Oryginalne zestawienie kolorów nie przestaje zadziwiać mnie również w życiu. Podczas gdy jeden radośnie rozpala kominek w nowym domu, drugi wiąże krawat, szykując się na pogrzeb matki. Gdy jedni ze łzami wzruszenia wyznają sobie miłość, drudzy podejmują dramatyczną decyzję o rozstaniu. „Będzie pani miała dziewczynkę” – słyszy kobieta wsłuchując się w regularny rytm bicia serca dziecka. „Proszę nie tracić nadziei” – słyszy druga roniąc trzecią ciążę z rzędu. „Zatańczymy?” – pyta chłopak szarmancko wyciągając rękę. „Jakie są rokowania?” – pyta drugi, przełykając łzy trwogi.

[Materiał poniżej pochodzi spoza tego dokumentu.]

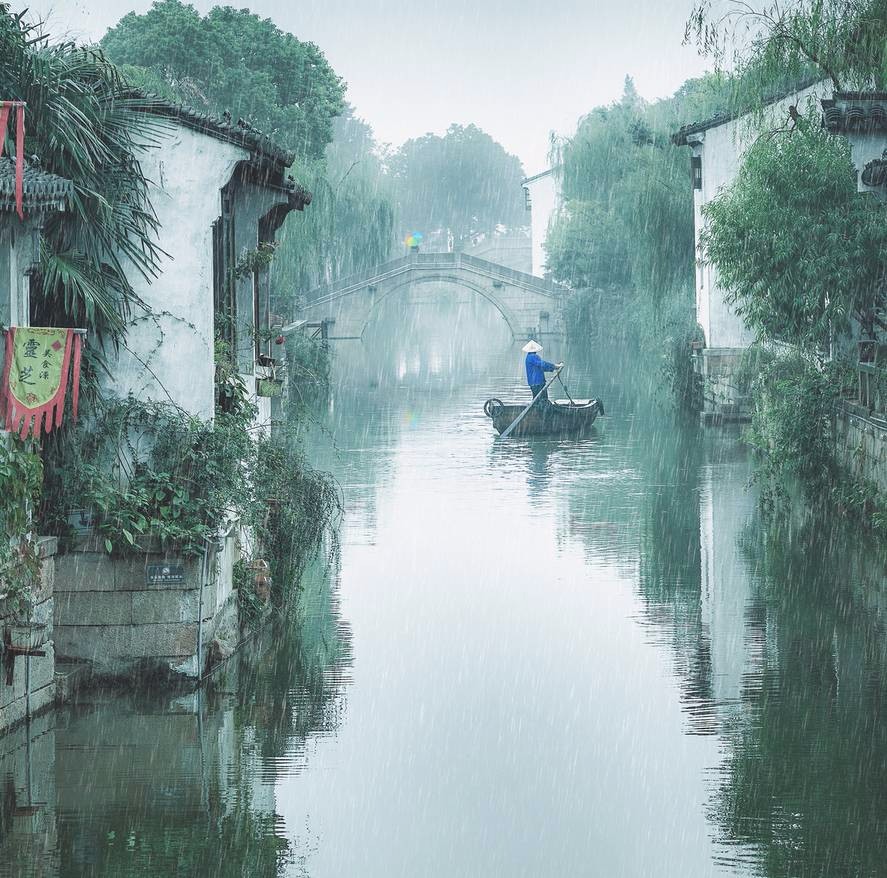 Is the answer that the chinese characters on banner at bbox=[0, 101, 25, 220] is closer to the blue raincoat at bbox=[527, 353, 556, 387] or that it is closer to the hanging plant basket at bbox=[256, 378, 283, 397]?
the hanging plant basket at bbox=[256, 378, 283, 397]

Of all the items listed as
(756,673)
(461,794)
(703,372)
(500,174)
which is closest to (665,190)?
(703,372)

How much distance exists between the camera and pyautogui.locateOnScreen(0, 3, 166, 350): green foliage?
344 inches

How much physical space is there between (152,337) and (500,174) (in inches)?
3341

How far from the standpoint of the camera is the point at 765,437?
17578 millimetres

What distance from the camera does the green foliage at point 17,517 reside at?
7660mm

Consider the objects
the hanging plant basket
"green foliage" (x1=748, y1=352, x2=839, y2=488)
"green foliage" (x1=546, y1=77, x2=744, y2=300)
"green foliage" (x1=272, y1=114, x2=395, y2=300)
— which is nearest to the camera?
the hanging plant basket

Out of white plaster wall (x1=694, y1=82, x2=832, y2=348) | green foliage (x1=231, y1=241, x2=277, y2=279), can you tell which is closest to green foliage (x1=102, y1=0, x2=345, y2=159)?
white plaster wall (x1=694, y1=82, x2=832, y2=348)

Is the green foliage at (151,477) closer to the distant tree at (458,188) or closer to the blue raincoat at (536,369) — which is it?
the blue raincoat at (536,369)

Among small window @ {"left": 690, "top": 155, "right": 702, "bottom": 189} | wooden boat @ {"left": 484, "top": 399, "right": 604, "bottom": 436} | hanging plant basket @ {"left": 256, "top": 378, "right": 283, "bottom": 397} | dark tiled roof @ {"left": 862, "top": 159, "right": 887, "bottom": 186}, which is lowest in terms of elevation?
wooden boat @ {"left": 484, "top": 399, "right": 604, "bottom": 436}

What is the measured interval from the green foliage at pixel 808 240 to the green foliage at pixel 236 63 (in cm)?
2202

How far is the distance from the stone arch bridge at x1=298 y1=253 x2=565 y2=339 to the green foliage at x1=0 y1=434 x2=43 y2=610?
46661mm

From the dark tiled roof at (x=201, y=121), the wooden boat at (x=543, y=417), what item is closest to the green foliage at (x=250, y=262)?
the dark tiled roof at (x=201, y=121)

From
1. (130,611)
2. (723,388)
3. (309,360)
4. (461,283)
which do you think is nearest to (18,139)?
(130,611)

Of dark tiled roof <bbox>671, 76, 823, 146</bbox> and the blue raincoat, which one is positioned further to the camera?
the blue raincoat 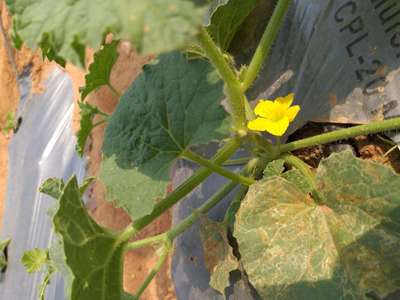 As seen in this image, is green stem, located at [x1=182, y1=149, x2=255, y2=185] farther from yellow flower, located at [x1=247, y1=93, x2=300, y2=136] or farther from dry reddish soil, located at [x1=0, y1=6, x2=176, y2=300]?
dry reddish soil, located at [x1=0, y1=6, x2=176, y2=300]

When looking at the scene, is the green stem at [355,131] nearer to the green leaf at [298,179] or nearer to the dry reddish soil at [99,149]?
the green leaf at [298,179]

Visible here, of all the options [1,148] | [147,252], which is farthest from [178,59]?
[1,148]

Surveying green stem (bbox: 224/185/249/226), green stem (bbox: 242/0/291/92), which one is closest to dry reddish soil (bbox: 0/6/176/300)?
green stem (bbox: 224/185/249/226)

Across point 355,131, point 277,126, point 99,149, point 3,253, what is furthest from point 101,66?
point 3,253

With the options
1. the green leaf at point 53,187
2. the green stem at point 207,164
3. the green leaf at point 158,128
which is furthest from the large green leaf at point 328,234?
the green leaf at point 53,187

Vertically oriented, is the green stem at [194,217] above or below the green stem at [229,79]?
below

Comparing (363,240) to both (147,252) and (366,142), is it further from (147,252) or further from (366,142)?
(147,252) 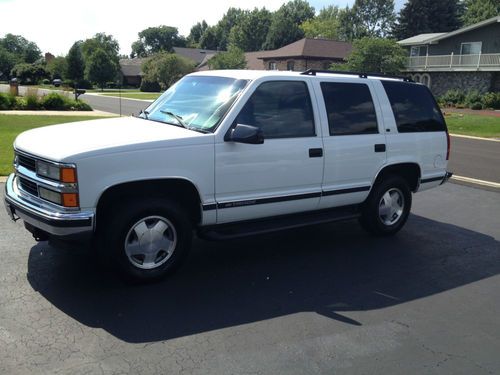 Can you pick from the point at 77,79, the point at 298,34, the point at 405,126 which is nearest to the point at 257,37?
the point at 298,34

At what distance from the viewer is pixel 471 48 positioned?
4288 centimetres

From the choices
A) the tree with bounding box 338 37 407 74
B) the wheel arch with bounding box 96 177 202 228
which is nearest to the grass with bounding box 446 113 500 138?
the tree with bounding box 338 37 407 74

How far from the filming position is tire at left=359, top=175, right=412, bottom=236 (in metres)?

Analizując kalejdoskop tych ekstremalnych zdarzeń, w mojej głowie natychmiast rodzą się pytania: Czy mamy prawo się cieszyć, kiedy inni cierpią? Czy możemy radośnie celebrować życie, gdy inni pogrążają się w żałobie? Dlaczego świat uparcie brnie do przodu, gdy doświadczamy niewyobrażalnej straty? Jak pogodzić cierpienie i trudy życia z radosnym i uważnym trwaniem? Czy życie pełne miłości, radości i spokoju w ogóle jest możliwe?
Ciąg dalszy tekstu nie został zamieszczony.